__WHAT YOU WILL DO__
The whole listing needs to be written out exactly, except for any images.

__GIVEN INFORMATION__
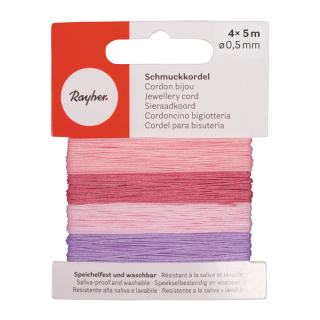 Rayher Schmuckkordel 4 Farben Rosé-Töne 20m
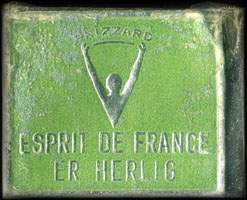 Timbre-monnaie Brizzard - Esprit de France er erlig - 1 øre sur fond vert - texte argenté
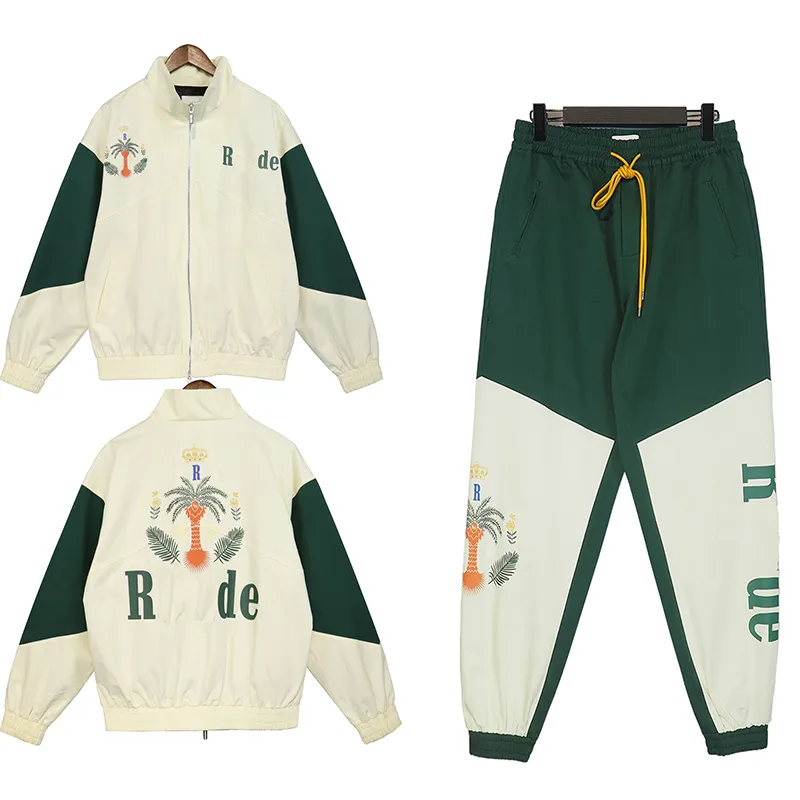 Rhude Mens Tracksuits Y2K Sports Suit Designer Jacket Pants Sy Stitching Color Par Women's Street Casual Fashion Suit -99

__WRITTEN SOLUTION__
 Rayher Schmuckkordel 4 Farben Rosé-Töne 20m
 Timbre-monnaie Brizzard - Esprit de France er erlig - 1 øre sur fond vert - texte argenté
 Rhude Mens Tracksuits Y2K Sports Suit Designer Jacket Pants Sy Stitching Color Par Women's Street Casual Fashion Suit -99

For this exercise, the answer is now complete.